Data to use ▸
----

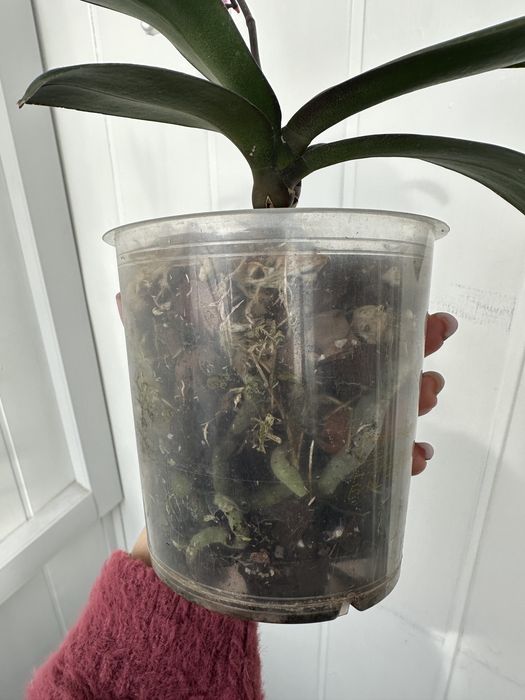 Паламос орхідея Palamos цвіте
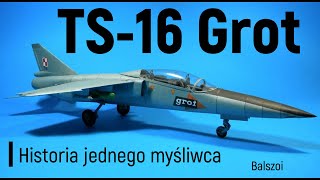 TS-16 Grot | historia jednego myśliwca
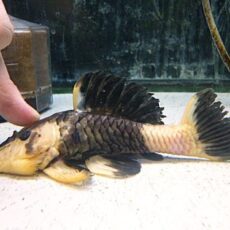 ゴールデンマーブルダルマプレコ　２０２５年１２月１６日入荷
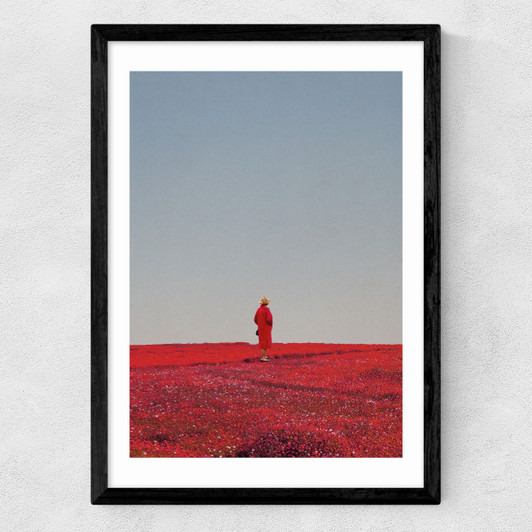 Everything Was Red Medium Black Frame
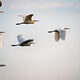 Media Name: gettyimages-1066510306-170667a.jpg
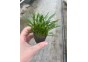 Cryptocoryne parva - Pot de 5cm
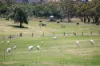 764 (Sec 2989) Flaxley Road, Flaxley, SA 5153-Image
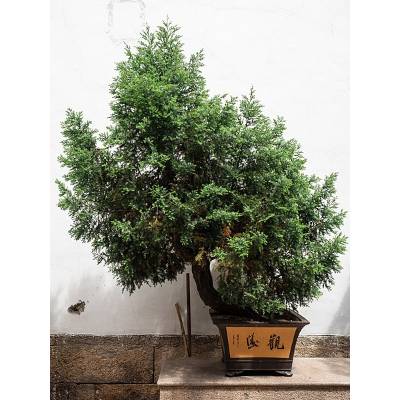 How often should jade bonsai be pruned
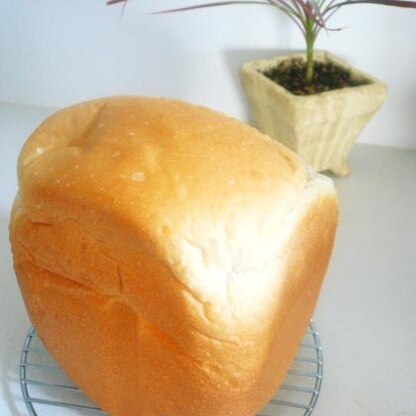 しっとりふわふわのとっても美味しいパンですね♪
早焼きでも美味しいパンが焼けて嬉しいです。
ありがとうございました(^^♪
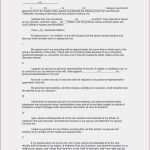 Vorlage Testament Alleinerbe Bewundernswert Rauchmelder Protokoll Vorlage Die Erstaunliche Testament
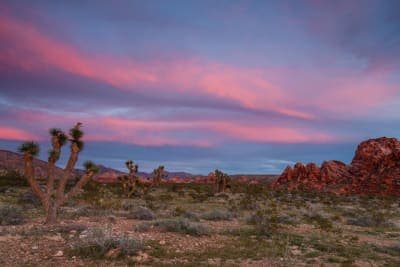 Gold Butte National Monument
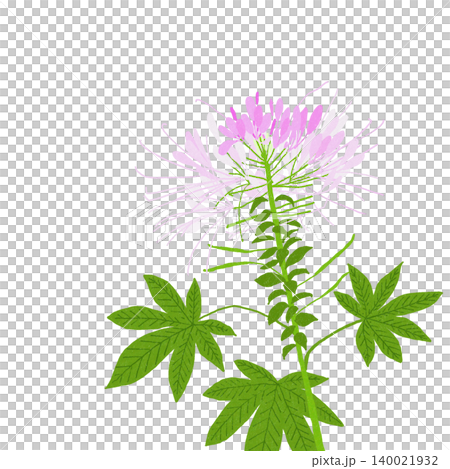 手繪花卉插圖:醉蝶花 手繪花卉插圖:醉蝶花 140021932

----

From the line that contains "Everything Was Red Medium Black Frame" to the final line of the entries, reproduce every line exactly, both ends included. Leave out all pictures.

 Everything Was Red Medium Black Frame
 Media Name: gettyimages-1066510306-170667a.jpg
 Cryptocoryne parva - Pot de 5cm
 764 (Sec 2989) Flaxley Road, Flaxley, SA 5153-Image
 How often should jade bonsai be pruned
 しっとりふわふわのとっても美味しいパンですね♪
早焼きでも美味しいパンが焼けて嬉しいです。
ありがとうございました(^^♪
 Vorlage Testament Alleinerbe Bewundernswert Rauchmelder Protokoll Vorlage Die Erstaunliche Testament
 Gold Butte National Monument
 手繪花卉插圖:醉蝶花 手繪花卉插圖:醉蝶花 140021932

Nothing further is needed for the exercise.